By changing my computer from iMac to Fat Mac, Apple has ruined my social standing, my personal productivity and my sexual potency.
That's nonsense, of course. My computer hasn't changed a bit: it remains a quad-core screamer with loads of RAM, and it's more than capable of handling anything I care to throw at it. In fact, for most of what I do it's massively, ridiculously oversized and overpowered; even if I had the money, junking it for the new one would be silly.
Moaning that Apple has made my computer obsolete would be ridiculous, yet lots of people are doing exactly the same thing about the new iPad 4. Had Apple stopped supporting the iPad 2 or iPad 3 they might have a point, but Apple hasn't - and the iPad 3 works as well today as it did yesterday. You just can't buy one any more.
The complaint, then, isn't that Apple has killed anyone's iPads; it's that Apple has killed some iPad owners' bragging rights. I'm not sure we should be too concerned about that.
Surviving without Steve
This week's iPad mini event was interesting in all kinds of ways, and not just because of the way Apple tried not to show the new iMac's bulbous bum in its hero shots. What struck me was the confidence: in a single event we saw not one, not two, but five new products: refreshed iPads and Mac Minis, a new MacBook Pro, a new iMac and of course the iPad mini.
Just weeks after unveiling new iPhones and iPods, Apple had so much stuff to show off that Phil Schiller was clearly rushing through some of his presentation to make it all fit.
That's not what's supposed to happen. Now that Apple's well into the post-Steve era, it should be a mess. It should be releasing rubbish, trying to copy every rival, attempting to hit every price point and undoing all of Jobs' good work.

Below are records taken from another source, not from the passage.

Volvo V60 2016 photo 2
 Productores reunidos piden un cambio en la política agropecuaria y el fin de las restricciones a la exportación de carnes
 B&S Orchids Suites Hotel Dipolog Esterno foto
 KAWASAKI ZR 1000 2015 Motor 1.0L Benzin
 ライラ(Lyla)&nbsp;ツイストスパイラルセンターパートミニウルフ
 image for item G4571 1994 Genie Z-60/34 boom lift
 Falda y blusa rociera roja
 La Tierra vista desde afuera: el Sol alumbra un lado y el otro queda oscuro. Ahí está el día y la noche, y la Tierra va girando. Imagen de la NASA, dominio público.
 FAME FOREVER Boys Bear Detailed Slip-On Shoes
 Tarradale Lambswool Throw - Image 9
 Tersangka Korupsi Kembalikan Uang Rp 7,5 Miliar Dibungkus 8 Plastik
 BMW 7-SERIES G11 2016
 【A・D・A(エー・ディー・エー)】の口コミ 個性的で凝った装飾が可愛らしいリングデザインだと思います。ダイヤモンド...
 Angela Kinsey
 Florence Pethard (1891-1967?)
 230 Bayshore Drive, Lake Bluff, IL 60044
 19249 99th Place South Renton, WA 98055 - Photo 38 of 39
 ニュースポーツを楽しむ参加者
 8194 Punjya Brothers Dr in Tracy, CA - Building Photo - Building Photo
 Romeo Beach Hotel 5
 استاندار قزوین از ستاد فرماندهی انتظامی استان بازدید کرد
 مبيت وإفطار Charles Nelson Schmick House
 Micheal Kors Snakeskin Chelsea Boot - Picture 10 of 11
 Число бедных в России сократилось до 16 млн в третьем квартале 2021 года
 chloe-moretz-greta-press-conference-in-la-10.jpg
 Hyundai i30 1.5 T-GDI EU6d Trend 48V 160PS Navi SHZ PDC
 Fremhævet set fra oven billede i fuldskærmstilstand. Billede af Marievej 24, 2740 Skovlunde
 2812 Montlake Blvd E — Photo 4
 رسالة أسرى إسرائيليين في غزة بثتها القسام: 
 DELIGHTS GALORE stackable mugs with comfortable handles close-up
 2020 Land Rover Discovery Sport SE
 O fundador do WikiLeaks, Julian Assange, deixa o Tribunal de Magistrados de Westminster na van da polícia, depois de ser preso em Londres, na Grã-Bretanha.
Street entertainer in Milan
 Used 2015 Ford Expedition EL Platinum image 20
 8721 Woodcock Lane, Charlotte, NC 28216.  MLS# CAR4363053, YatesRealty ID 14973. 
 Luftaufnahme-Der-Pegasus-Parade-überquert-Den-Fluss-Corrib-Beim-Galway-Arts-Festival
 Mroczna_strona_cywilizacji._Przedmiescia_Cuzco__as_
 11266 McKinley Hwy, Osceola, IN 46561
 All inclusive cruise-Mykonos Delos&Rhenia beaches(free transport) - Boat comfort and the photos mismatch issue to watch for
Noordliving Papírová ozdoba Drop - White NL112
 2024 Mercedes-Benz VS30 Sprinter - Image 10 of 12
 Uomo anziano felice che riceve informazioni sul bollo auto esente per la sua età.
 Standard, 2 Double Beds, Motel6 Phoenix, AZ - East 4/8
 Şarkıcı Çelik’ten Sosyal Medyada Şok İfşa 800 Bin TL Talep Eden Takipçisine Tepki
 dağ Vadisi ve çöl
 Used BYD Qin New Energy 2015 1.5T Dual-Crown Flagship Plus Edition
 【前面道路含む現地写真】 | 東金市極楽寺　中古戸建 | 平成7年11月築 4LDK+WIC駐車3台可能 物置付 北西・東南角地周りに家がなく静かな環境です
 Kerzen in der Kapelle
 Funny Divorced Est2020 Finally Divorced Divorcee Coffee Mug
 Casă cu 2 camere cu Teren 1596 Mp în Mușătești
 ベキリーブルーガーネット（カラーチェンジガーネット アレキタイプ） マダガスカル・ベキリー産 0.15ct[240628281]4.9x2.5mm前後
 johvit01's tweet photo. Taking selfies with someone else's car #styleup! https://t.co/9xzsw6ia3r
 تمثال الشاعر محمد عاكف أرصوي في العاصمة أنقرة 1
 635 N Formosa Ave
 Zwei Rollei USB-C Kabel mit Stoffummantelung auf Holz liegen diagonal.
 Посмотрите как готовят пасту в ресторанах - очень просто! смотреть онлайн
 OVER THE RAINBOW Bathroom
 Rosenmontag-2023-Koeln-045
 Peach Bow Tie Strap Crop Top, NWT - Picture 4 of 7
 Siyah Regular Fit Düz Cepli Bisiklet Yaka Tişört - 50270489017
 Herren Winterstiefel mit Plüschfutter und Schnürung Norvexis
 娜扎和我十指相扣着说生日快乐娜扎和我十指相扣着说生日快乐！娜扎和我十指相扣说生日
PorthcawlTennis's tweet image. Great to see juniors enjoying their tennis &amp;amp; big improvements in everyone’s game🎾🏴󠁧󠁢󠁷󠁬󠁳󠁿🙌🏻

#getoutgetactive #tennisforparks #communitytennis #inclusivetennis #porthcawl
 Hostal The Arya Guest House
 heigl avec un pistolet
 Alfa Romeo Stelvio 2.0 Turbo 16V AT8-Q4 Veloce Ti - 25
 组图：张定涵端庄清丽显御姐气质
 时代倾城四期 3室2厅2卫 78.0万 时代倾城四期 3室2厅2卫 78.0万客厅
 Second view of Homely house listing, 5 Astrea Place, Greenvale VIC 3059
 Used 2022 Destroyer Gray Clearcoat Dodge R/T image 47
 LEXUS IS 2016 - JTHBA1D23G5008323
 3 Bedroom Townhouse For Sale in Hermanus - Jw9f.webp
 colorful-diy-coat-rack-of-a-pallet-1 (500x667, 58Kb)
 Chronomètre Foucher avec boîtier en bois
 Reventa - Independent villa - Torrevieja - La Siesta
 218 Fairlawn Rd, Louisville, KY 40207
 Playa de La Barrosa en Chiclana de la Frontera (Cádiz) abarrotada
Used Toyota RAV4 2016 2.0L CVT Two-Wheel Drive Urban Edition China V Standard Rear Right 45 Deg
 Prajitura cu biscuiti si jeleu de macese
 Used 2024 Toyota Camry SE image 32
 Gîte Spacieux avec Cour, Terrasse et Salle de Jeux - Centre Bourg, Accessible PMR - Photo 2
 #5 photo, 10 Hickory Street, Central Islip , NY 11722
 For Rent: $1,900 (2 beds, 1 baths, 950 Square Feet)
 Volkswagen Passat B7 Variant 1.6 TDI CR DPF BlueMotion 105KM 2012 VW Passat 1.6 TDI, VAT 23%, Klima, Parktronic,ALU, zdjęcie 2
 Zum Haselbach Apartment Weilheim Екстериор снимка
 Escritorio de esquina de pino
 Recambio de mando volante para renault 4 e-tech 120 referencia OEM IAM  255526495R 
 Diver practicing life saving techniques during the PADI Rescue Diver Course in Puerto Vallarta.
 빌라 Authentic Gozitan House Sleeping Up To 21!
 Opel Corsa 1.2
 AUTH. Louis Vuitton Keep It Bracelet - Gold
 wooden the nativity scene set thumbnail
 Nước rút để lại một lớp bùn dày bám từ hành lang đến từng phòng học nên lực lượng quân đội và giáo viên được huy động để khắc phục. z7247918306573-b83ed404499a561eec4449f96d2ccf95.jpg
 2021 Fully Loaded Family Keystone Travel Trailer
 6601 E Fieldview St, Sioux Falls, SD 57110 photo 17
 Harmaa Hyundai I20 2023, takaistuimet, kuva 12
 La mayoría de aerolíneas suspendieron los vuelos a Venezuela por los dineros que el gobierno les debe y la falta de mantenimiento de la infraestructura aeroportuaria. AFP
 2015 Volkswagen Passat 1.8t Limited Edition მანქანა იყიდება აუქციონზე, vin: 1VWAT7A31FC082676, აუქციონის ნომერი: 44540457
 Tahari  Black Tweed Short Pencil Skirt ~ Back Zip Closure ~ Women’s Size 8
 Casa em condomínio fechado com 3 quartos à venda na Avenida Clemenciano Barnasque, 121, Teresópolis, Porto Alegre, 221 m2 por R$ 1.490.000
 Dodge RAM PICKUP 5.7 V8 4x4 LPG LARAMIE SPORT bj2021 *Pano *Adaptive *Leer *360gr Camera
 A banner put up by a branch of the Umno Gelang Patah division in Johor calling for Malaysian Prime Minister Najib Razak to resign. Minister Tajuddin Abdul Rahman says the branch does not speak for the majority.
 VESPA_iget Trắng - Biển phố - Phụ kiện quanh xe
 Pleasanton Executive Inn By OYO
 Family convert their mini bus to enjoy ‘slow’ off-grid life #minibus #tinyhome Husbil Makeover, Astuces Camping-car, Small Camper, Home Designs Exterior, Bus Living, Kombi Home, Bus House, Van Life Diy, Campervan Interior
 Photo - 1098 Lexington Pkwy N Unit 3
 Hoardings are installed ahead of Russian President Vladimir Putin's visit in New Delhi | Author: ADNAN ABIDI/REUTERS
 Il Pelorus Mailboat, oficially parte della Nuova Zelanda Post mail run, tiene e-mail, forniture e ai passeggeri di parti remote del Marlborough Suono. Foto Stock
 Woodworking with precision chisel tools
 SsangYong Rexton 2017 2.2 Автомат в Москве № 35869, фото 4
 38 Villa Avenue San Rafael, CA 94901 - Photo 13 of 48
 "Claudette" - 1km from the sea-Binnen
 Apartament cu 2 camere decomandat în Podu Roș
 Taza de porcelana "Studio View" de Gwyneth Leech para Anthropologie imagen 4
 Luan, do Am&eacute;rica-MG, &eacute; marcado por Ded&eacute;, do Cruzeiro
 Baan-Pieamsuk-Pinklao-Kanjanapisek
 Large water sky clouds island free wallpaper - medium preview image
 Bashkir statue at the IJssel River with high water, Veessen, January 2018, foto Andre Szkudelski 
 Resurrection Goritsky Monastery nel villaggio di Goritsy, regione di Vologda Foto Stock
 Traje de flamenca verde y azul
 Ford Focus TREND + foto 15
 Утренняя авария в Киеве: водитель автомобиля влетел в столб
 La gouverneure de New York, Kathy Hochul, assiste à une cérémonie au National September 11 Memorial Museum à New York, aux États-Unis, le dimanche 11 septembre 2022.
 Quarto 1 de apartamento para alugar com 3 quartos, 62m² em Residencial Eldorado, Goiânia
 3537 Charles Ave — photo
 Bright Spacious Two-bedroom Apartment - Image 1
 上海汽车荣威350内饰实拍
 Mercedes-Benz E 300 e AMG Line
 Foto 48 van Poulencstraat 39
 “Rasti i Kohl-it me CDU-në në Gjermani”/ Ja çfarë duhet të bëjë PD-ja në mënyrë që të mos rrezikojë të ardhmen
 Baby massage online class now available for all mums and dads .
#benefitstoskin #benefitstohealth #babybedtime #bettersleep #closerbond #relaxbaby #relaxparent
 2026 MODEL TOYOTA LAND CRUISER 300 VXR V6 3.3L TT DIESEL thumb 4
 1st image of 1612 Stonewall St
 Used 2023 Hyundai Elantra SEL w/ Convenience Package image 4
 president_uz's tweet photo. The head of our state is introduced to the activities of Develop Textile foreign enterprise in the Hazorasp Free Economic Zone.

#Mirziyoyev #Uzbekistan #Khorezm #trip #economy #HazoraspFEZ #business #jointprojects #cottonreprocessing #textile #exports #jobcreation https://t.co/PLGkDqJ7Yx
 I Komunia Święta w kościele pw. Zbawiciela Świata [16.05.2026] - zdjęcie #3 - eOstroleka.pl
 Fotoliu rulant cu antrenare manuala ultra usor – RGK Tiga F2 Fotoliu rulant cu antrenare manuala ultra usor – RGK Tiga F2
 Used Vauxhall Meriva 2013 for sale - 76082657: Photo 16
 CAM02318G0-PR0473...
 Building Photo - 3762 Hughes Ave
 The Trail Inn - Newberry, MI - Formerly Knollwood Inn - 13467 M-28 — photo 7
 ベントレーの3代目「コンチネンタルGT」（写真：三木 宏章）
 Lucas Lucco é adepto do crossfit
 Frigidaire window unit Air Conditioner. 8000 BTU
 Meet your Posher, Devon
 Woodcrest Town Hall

That's not what I saw last night. The new iMac may make my one look fat, but it's a beautiful design; the iPad mini might be nearer the size of a Nexus 7, but its price tag shows that Apple isn't interested in bargain basement battling. The whole event looked like Apple doing what Apple does best: refining, refining and refining some more.
Apple isn't perfect - anyone who used iOS 6's maps to get to the Apple event probably ended up in Norway - but it doesn't appear to be panicking either.